**Supplied data:**

"""

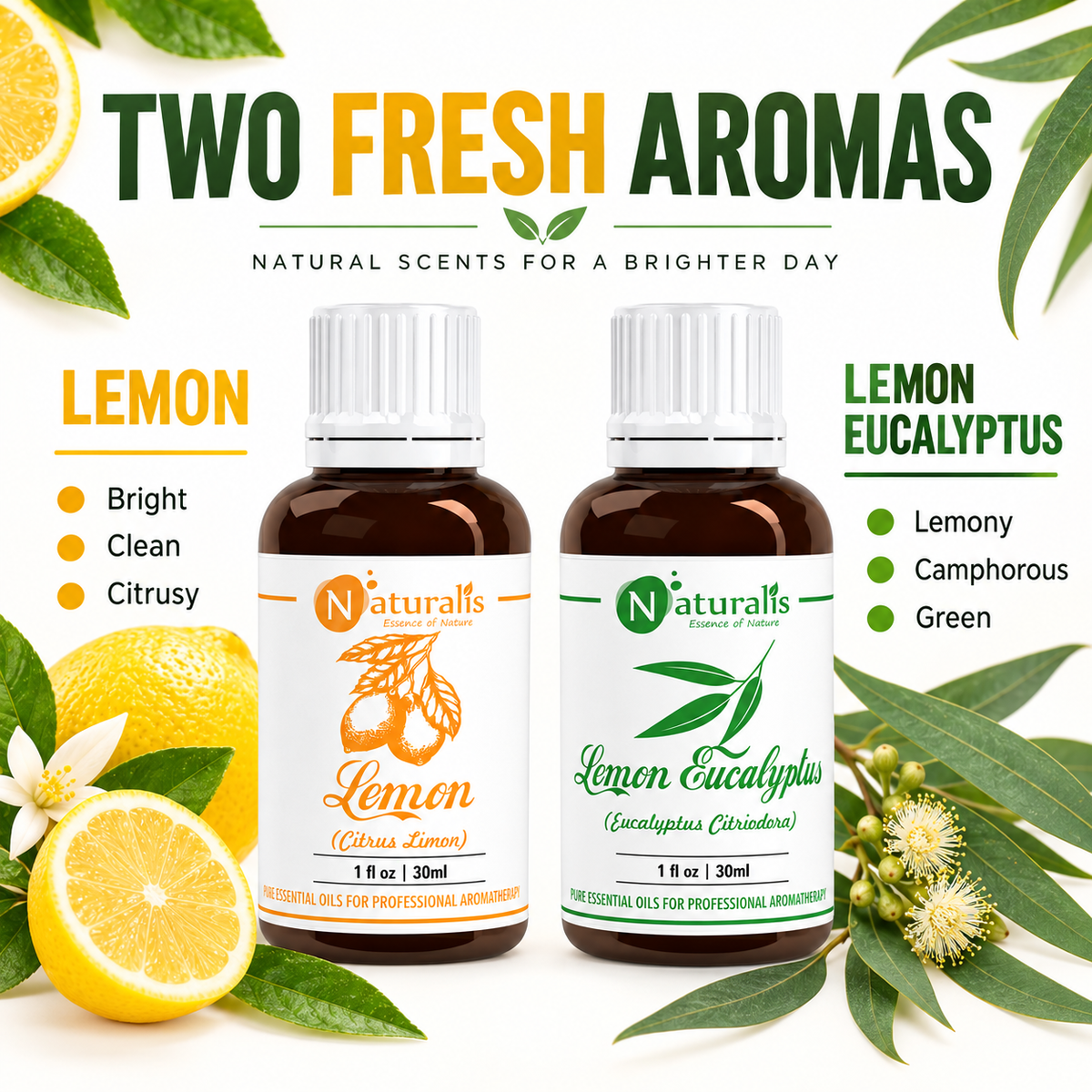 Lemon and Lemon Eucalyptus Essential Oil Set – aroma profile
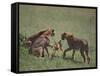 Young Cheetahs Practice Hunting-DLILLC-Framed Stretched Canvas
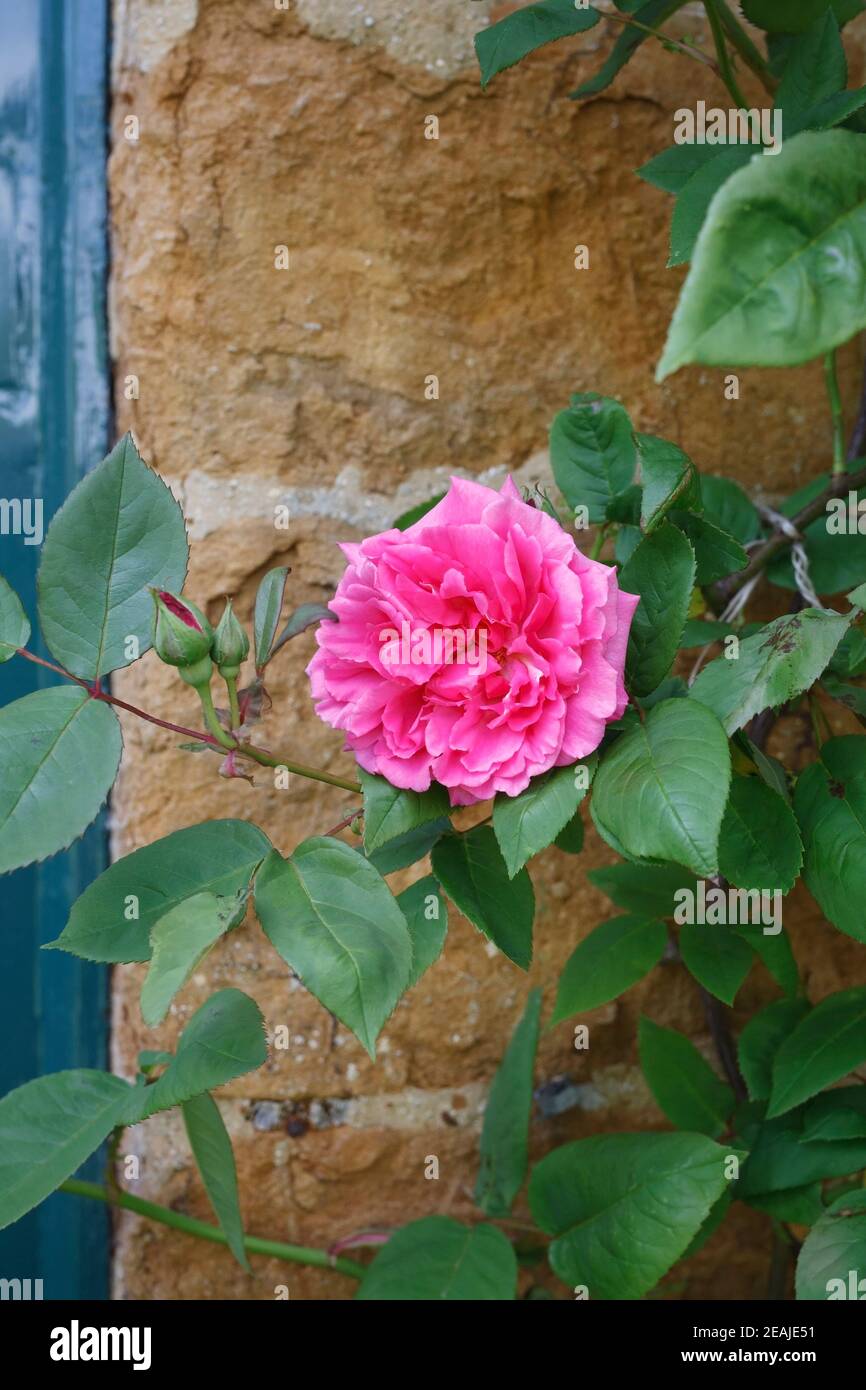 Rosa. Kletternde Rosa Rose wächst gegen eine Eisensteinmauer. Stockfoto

"""

Your reply should hold every line of the material, unaltered, and not one picture.

 Lemon and Lemon Eucalyptus Essential Oil Set – aroma profile
 Young Cheetahs Practice Hunting-DLILLC-Framed Stretched Canvas
 Rosa. Kletternde Rosa Rose wächst gegen eine Eisensteinmauer. Stockfoto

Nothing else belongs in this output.